The Korean exhibition title 어떤 Norm(all) uses a compound word that combines “normal” and “all” to consider normality and acceptability. The exhibition So-Called Normal Family asserts that all forms of the family should be accepted as normal and not be subject to discrimination, even if they deviate from traditional family norms.
A total of 11 contemporary artists and groups are participating, including Kang Tae Hun, Moon Jiyoung, Park Youngsook, Park Hyesoo, An Ga Young, eobchae, Lee Eunsae, Young-Hae Chang Heavy Industries, Critical Hit, Kim Yongkwan, and Minki Hong. These artists address the issues surrounding family through 56 works of various genres, including painting, photography, installation, video, game, and documentary.
The Korean social system is based on the traditional family structure, which focuses on marriage and blood ties. Today, however, the concept of the family is becoming less rigid and taking on increasingly diverse forms. Single-person households, out-of-wedlock births, same-sex marriage, and adoption are becoming increasingly prevalent in contemporary Korean society. Moreover, there is a growing discussion that a living community not bound by social order should be considered and that the Living Partner Act should be reflected in policies.

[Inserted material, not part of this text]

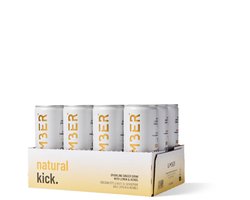 Gimber Tray 12 x 250ml - 3 liter - GIMBER Ready To Drink - 12 blikjes RTD biologische & sprankelende gemberdrank met citroen, kruiden & specerijen volgens het perfect gemengde recept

However, family norms in Korea are still built around the dictionary and legal definitions that reflect the past conception of family. According to the standard Korean language dictionary, “family” refers to a group of people with kinship relations centered on a married couple. Article 3 of Chapter 1 of the Framework Act on Healthy Families defines “family” as the basic unit of society based on marriage, blood ties, and adoption. These norms and systems affect our policies, language, and way of life, unintentionally discriminating against new types of families that exist outside the framework of social norms.
Jang Soo Bin, who curated the exhibition, explained that “this exhibition intends to shed light on how the meaning of family is changing in the reality we face today by borrowing from the perspectives of contemporary artists.” The exhibition consists of three parts.
Part 1 presents works dealing with the various problems behind normal families.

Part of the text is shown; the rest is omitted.